> _Raw data_
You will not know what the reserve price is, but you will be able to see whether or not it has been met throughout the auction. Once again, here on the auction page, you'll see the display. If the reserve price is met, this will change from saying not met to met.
---
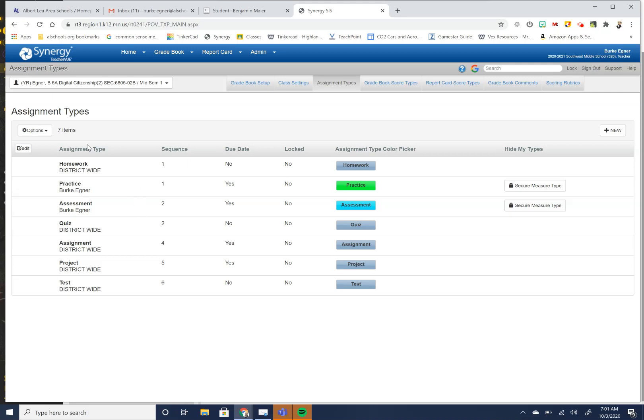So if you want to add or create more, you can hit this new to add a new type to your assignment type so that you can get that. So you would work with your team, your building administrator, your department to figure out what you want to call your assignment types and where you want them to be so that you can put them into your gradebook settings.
---
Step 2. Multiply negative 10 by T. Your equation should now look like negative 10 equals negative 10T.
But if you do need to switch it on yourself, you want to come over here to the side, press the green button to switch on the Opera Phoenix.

> _What the exercise asks_
Where the listing above reaches the line that contains "Step 2. Multiply", start retyping, and finish with the line that contains "But if you do"; reproduce those lines exactly and no others.

> _Result of the exercise_
Step 2. Multiply negative 10 by T. Your equation should now look like negative 10 equals negative 10T.
But if you do need to switch it on yourself, you want to come over here to the side, press the green button to switch on the Opera Phoenix.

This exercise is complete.